American Airlines, which temporarily cut flights from its daily schedule last week to save fuel, may ground those planes even longer and try harder to pass the rising cost of jet fuel on to consumers, Chief Executive Gerard Arpey said Thursday.
American's parent company, AMR Corp., expects to spend $5.75 billion on fuel this year _ a 45 percent increase on top of last year's 43 percent jump.
Arpey also praised a Senate bill that would give American and other airlines more time to make payments to their pension plans. He also struck a no-compromise stance on a 1979 law limiting long flights at Dallas Love Field.
Arpey made the comments to reporters after addressing a business group at an airport hotel near American's Fort Worth headquarters.
American and sister carrier American Eagle spent nearly $4 billion on fuel last year and expect to spend $5.75 billion this year. Fuel has jumped from 12.3 percent of American's operating expenses in 2002 to 21.1 percent in 2004 and will be even a larger chunk this year.
Despite the added cost, AMR turned a narrow profit in the second quarter, but analysts surveyed by Thomson Financial expect the company to lose about $570 million for the year.
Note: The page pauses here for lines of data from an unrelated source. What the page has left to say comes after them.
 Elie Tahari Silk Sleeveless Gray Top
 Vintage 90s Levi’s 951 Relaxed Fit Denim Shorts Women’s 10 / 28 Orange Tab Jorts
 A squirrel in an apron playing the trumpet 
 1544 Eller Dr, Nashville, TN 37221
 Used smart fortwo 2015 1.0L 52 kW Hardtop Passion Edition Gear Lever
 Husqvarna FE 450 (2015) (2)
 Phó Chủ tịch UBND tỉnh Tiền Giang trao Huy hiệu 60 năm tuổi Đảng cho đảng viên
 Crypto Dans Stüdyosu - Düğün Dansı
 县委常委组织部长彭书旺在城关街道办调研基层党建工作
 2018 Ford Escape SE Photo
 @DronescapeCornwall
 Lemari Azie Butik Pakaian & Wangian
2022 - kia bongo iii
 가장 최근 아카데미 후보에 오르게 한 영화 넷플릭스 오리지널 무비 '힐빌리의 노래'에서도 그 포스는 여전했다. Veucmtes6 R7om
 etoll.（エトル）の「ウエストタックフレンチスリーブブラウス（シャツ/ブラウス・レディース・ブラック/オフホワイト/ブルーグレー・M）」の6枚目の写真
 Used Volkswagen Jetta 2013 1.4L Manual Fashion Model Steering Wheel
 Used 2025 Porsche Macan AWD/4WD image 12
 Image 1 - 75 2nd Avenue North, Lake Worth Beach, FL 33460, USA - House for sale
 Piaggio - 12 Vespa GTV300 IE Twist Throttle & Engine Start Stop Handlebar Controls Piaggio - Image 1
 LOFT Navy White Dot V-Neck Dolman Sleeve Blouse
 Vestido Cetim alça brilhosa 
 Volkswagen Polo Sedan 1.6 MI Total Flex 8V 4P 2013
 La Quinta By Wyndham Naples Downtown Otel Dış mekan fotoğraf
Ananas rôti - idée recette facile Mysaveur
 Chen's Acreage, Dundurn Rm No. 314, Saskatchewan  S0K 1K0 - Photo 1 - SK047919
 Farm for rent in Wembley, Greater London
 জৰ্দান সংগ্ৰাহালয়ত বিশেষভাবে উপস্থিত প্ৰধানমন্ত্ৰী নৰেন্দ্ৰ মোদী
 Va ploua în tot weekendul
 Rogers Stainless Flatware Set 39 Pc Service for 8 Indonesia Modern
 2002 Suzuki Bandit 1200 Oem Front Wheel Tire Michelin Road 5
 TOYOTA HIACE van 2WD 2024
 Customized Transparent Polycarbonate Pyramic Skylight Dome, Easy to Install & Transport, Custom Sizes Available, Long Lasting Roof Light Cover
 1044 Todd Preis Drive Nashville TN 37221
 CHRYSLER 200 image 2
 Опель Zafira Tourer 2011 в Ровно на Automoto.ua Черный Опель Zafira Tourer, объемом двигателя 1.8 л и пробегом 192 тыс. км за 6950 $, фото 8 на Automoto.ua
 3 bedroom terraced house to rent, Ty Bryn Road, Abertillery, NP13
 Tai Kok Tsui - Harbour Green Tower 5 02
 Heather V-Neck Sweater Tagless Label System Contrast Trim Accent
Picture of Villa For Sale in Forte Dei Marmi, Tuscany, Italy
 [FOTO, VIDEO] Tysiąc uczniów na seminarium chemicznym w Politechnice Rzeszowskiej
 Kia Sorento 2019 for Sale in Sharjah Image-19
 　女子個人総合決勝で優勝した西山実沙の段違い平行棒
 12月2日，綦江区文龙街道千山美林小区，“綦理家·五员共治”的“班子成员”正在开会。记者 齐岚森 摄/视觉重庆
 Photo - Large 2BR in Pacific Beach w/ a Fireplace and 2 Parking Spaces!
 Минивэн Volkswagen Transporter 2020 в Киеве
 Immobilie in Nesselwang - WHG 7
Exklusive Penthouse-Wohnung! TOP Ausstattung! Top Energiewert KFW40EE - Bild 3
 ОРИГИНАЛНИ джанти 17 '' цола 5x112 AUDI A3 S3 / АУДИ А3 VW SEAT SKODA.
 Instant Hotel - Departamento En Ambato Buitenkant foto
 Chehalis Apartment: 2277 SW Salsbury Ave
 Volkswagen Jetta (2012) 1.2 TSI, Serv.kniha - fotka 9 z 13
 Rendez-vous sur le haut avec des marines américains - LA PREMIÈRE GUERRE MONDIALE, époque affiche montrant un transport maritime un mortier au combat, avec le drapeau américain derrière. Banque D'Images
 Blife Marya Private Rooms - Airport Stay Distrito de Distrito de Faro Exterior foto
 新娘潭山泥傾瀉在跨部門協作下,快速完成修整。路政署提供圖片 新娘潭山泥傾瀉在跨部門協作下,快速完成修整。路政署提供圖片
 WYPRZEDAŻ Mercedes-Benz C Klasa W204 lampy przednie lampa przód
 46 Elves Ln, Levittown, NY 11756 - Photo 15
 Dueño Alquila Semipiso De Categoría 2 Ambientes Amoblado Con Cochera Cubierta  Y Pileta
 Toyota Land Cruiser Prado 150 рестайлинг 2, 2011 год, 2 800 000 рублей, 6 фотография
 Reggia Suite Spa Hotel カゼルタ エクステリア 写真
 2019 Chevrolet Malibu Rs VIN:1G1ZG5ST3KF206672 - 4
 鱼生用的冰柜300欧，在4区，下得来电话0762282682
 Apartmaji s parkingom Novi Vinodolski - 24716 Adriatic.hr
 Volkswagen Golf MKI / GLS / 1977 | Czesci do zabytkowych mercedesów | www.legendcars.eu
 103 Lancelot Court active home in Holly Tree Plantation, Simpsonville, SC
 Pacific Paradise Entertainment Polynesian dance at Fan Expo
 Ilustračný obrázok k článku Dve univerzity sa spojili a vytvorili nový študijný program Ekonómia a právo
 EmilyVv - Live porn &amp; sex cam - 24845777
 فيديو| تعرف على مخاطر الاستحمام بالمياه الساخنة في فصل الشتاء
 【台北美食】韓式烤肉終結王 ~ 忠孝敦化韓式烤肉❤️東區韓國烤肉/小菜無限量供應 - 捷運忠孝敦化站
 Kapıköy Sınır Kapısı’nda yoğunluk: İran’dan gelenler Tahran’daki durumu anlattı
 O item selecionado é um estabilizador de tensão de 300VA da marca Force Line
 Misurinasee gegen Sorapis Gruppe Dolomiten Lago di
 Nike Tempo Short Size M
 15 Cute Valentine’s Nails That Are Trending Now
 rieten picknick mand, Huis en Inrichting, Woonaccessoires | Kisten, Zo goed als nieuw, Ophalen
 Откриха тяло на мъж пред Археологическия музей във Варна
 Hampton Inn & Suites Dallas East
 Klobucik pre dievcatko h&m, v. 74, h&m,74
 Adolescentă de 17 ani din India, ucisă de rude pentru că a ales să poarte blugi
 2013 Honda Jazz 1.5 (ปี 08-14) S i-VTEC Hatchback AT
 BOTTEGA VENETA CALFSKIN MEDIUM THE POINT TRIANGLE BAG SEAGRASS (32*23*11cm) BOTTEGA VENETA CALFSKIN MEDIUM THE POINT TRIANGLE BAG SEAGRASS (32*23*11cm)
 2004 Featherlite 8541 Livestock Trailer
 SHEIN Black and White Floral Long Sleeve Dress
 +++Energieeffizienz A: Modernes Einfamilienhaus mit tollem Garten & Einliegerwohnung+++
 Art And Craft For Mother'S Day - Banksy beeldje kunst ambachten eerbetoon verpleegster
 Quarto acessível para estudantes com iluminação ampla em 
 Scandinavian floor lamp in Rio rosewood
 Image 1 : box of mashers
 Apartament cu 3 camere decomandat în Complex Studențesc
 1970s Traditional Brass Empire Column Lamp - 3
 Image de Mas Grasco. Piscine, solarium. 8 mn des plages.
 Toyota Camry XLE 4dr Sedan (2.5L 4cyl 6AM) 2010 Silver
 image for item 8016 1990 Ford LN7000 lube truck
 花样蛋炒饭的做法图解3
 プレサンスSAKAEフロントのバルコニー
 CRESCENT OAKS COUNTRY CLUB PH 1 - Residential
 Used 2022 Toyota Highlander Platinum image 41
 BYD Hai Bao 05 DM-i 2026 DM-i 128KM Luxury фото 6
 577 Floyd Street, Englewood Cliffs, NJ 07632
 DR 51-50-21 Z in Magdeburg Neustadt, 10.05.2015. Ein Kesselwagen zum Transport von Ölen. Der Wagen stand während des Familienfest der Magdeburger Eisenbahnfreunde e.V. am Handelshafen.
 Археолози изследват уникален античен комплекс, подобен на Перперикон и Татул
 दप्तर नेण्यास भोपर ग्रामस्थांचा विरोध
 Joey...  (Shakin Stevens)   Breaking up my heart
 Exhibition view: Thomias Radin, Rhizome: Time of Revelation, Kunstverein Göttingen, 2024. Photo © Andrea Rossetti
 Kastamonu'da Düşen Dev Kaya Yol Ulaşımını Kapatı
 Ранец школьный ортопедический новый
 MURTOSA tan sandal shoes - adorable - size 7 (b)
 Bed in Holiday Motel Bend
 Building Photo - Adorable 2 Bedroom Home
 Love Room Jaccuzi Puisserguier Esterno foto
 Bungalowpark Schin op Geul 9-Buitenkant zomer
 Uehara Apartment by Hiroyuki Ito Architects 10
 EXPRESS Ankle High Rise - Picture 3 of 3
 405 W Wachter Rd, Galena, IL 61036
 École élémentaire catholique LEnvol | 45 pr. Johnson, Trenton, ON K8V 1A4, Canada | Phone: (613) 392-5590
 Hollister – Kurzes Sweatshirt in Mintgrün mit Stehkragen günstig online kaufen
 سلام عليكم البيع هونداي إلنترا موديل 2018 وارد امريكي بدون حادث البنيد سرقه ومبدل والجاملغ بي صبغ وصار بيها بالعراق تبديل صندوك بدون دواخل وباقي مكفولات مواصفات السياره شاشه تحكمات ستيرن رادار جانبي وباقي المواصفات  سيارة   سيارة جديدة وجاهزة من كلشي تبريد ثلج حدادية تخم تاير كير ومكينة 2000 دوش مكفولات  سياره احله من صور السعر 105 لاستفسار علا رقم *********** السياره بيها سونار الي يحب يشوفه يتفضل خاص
The price of oil fell Thursday for the fifth consecutive day to a 2-month low, and that helped airline stocks. Shares of AMR rose 85 cents or 7.4 percent, to close at $12.41 on the New York Stock Exchange.
On Sept. 30, American cited high fuel costs in announcing it was temporarily cutting 15 flights through Oct. 29 at its two biggest hubs, DFW and Chicago's O'Hare International Airport. American operates about 1,900 daily flights.
Arpey warned, however, that the flight cuts could be extended into November and December. "We'll have to see what the price of oil does," he said.
While the price of oil remained above $60 a barrel, airlines have paid even a steeper price because the spread between the price of oil and the cost of jet fuel has expanded to record levels. Arpey said American was paying the equivalent of $130 per barrel for jet fuel this week.
"We are going to have to, as an industry, figure out how to take that commodity cost and pass it on to our customers, which we've been unable to do thus far," he said.
The nation's carriers have raised fares several times this year and added fuel surcharges for passengers and cargo shipments. Arpey said the increases haven't offset the run-up in fuel costs.
"Just to cover the increase in fuel costs between 2003 and 2005, American would have had to raise fares nearly $75 per roundtrip ticket," he said. "Unfortunately, during this time period our average fare increased only $15."
Arpey repeated earlier calls for the government to cut fees and taxes levied on airlines, although some of those fees are added directly to travelers' fares.
He said he was pleased that key senators have agreed to add American and Houston-based Continental Airlines Inc. to a bill that would give Delta Air Lines Inc. and Northwest Airlines Corp. 14 years to make pension payments due over the next few years.
Delta and Northwest filed for bankruptcy protection on Sept. 14, but American and Continental objected that it would be unfair to grant pension relief only to bankrupt carriers.